Uniosła ręce w obronnym geście. Nie miała zamiaru bawić się w swatkę. Przynajmniej na razie. Wystarczyło, że przyczyniła się do połączenia ich dróg i zaprosiła Moe na wspólną imprezę do domu Max. Nie miała zamiaru dalej ingerować w tą znajomość. Co ma być, to będzie. Niech się dzieje wola nieba. Jeśli los odgórnie miał jakiś plan dla tych dwóch, to cudownie. Jeżeli nie, trudno. Nic na siłę, bo to tak nie działa.

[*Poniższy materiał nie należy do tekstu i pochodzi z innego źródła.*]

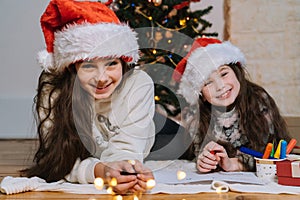 Smiling girls in Santa hat writing letter for gifts to Santa Claus. Christmas miracle wish list. Child lies at decorated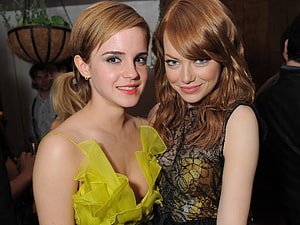 Emma Stone and Emma Watson posing together in elegant evening gowns at a social event HD wallpaper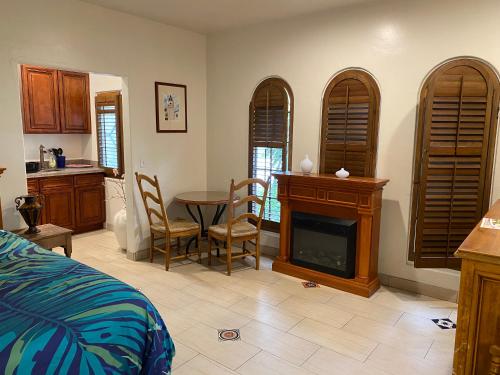 a bedroom with a bed and a table with a fireplace at Villa Rosa Inn in Santa Barbara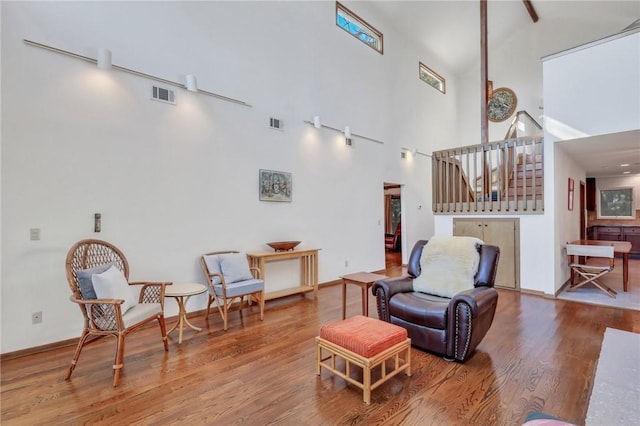 living room with a towering ceiling and hardwood / wood-style flooring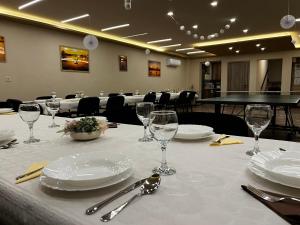 a table with white plates and glasses on a table at Seregély Vendégház in Kunfehértó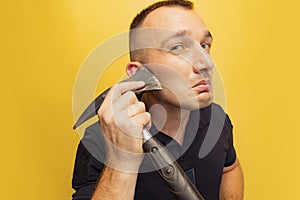 One young brutal man, firefighter shaving with an axe over yellow studio background.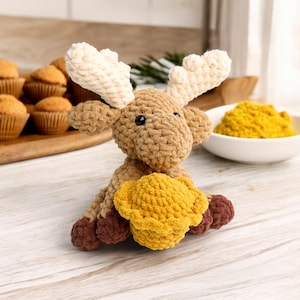 May include: A brown and white crocheted moose holding a yellow crocheted pie. The moose has large, floppy ears and a sweet expression.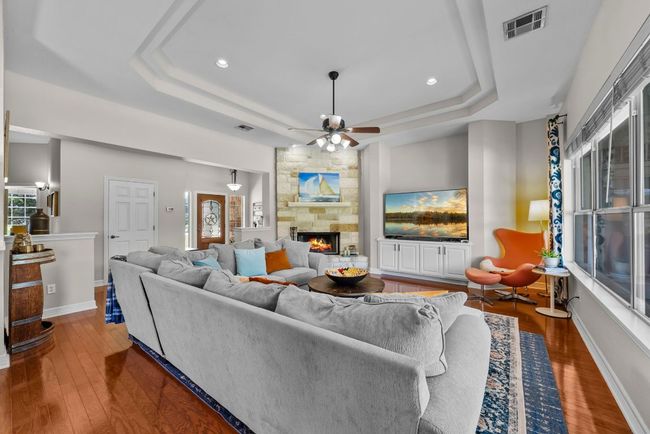 Throughout the home, you'll find elegant details like tray ceilings and all hard-surface flooring, including both hardwood and tile | Image 6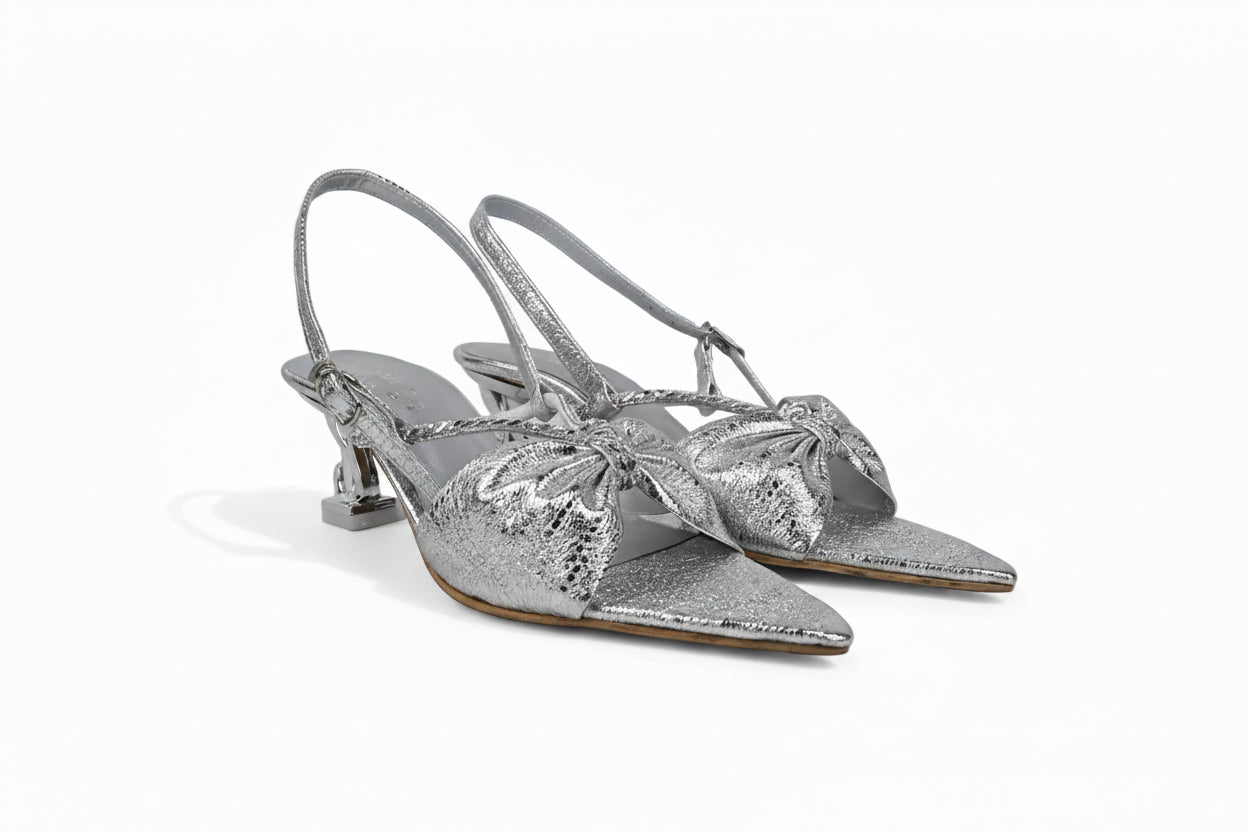 A pair of metallic silver slingback kitten heel sandals with pointed toes and large bow embellishments on the front, displayed against a light gray background.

- Przypominam ci - zastukała palcem o blat ławy. - Że to ty chciałaś całować żabę i myślałaś, że tym sposobem zmieni się w księcia. I kto tu jest obleśny? - zaśmiała się głośno, a na samo wspomnienie poczuła ciepło w żołądku. Kto by pomyślał, że wspólne siedzenie w schowku na narzędzia i łapanie żab zamieni się w taką piękną przyjaźń? Chyba nikt tego nie przypuszczał. Tak musiało po prostu być, przecież w mniemaniu Ines nic nie działo się bez powodu. Miała fioła na punkcie tego przeznaczenia i innych pierdół, ale przynajmniej nikomu nie szkodziła. Może z wyjątkiem samej sobie, kiedy to w każdym mężczyźnie szukała tego z przepowiedni babci Erenestimy, a nie widziała, że tego jedynego ma tuż obok, na wyciągnięcie ręki. Kretynka.

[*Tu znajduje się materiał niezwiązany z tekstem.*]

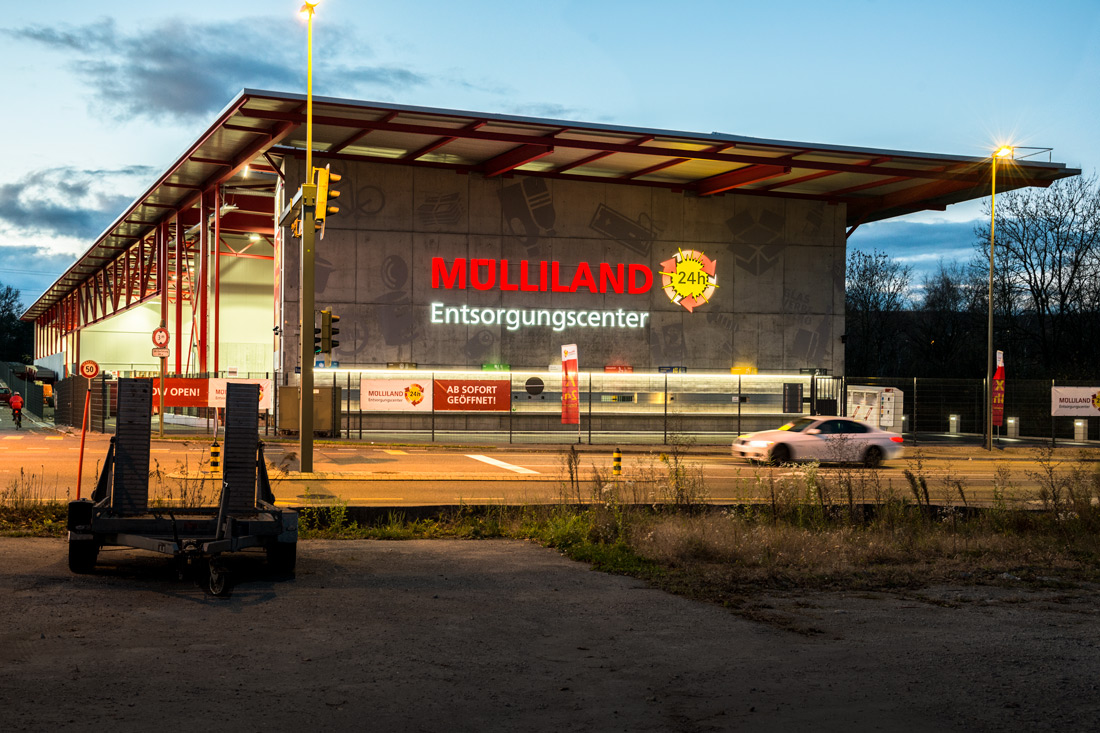 Leuchtschrift Fassade Muelliland-Entsorgungscenter: 13x4 Meter, in der Daemmerung, mit leuchtender Sonne mit natuerlichem Lichteffekt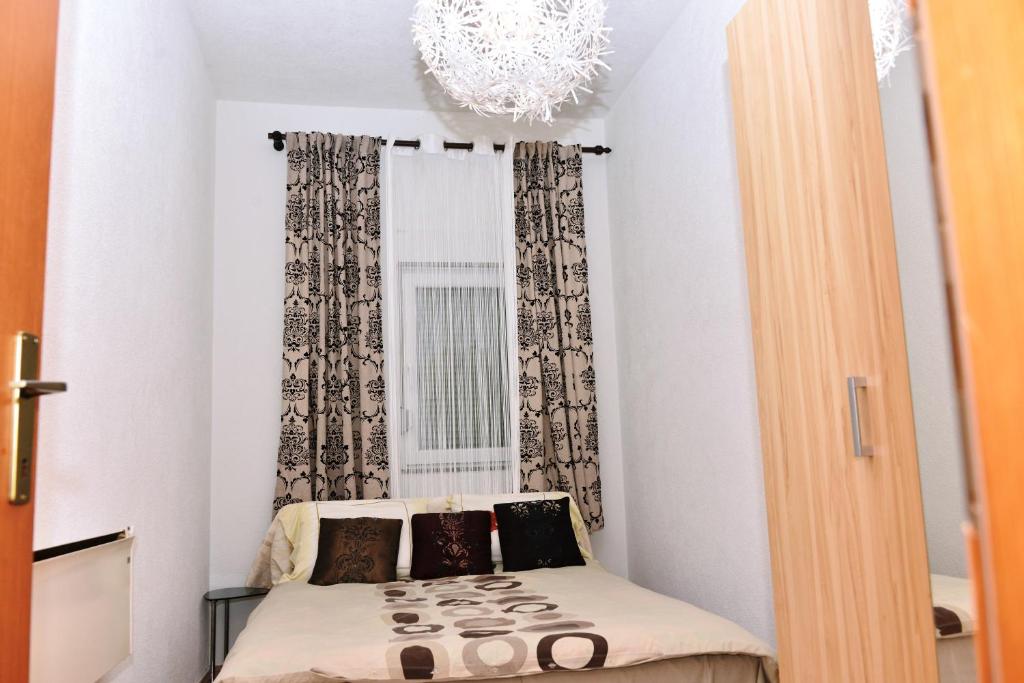 Kleines Zimmer mit einem Bett vor einem Fenster in der Unterkunft Apartman centar blizina Kastela i Splava in Banja Luka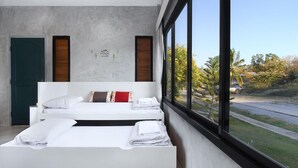 A modern bedroom with two beds, a large window, and a wall with a mountain and trees design. - White Knot Khao Yai (Pak Chong)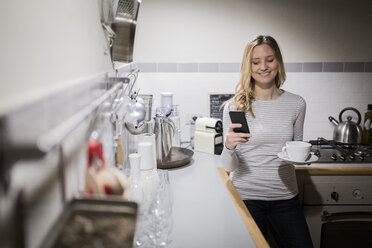 Smiling woman checking cell phone in kitchen - GIOF03678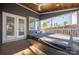 Relaxing covered back porch with a hot tub, wooden ceiling, and string lights at 13725 Mallory Baches Ln, Huntersville, NC 28078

Wywróciła oczami widząc, że Gibbs m dosyć pierdolenia w tańcu i zajęła się opróżnianiem butelki prosto z gwinta. Jebaniutka, z nią nigdy nie mogło być normalnie. Miał być zwykły wieczór przy drinkach i planszówce, a jak zwykle pewnie skończy się tak samo, dlatego Villeda westchnęła ciężko i przechwyciła do niej tequili, po czym sama złapała z butelki kilka łyków.

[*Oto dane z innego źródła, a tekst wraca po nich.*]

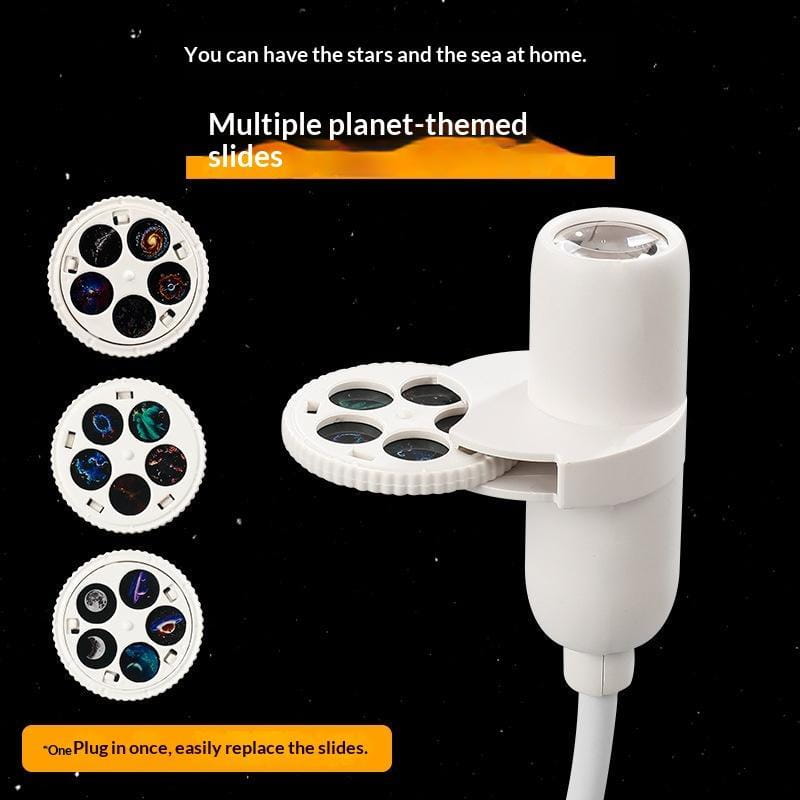 White plastic usb powered galaxy projector with flexible neck and interchangeable planet-themed slides featuring colorful celestial imagery viewed from the front.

- Dobra, poczekaj - sięgnęła po telefon, który wpadł gdzieś w szczelinę w kanapie, wygrzebała go i włączyła notatnik. Gdyby miała szukać kartki długopisu pośród niewypakowanych kartonów, to zeszłoby im się do przyszłego lata. - Pływanie z rekinami, zaliczenie... - urwała i spojrzała na Moe, jakby zobaczyła ją pierwszy raz w życiu, a potem parsknęła śmiechem, bo ta dokończyła swoją wypowiedź. - Zaliczenie wszystkich stanów, dopóki na świecie nie pojawi się mały Arreola - wtedy Cyganka nie wiedziała jeszcze, że w takim razie będą miały bardzo dużo czasu na zwiedzenie każdego stanu w USA. - Mecz na prawdziwym stadionie. Musimy iść na jakiś mecz. Możemy pouczyć się nowego języka? Nie wiem, kurwa, polskiego na przykład - zanotowała, całkowicie pomijając fakt, że Gibbs nauka języków w ogóle się nie trzyma. Miały próbować nowych rzeczy, tak? Tak. - Co jeszcze? - zerknęła wyczekująco na przyjaciółkę, jednocześnie próbując odnaleźć po omacku swoją paczkę papierosów.

Moe Gibbs
mów mi/kontakt
a
Awatar użytkownika
I had a dream that you couldn't hear me screaming. Trying to tell you everything but it wouldn't stop you leaving.
30
172

Post

Jak widać, gdy miała dziesięć lat, jeszcze nie interesowały ją cipki, skoro żabę zamieniać chciała w księcia. Swoją drogą z biegiem czasu nie tylko to uległo zmianie, przestała wierzyć w bajki i raczej twardo stąpała po ziemi. Miała cele, dążyła do ich spełnienia, próbując najzwyczajniej przeżyć swoje życie, co udawało jej się przez pierwsze dwadzieścia cztery lata.
- Gdzie ja wtedy miałam oczy? - zacmokała w powietrzu, niezadowolona z dawnych wyborów. Od samego początku powinna szukać księżniczek, a właściwie jednej, którą znalazła dość późno i ta nie pozostała w jej życiu na długo.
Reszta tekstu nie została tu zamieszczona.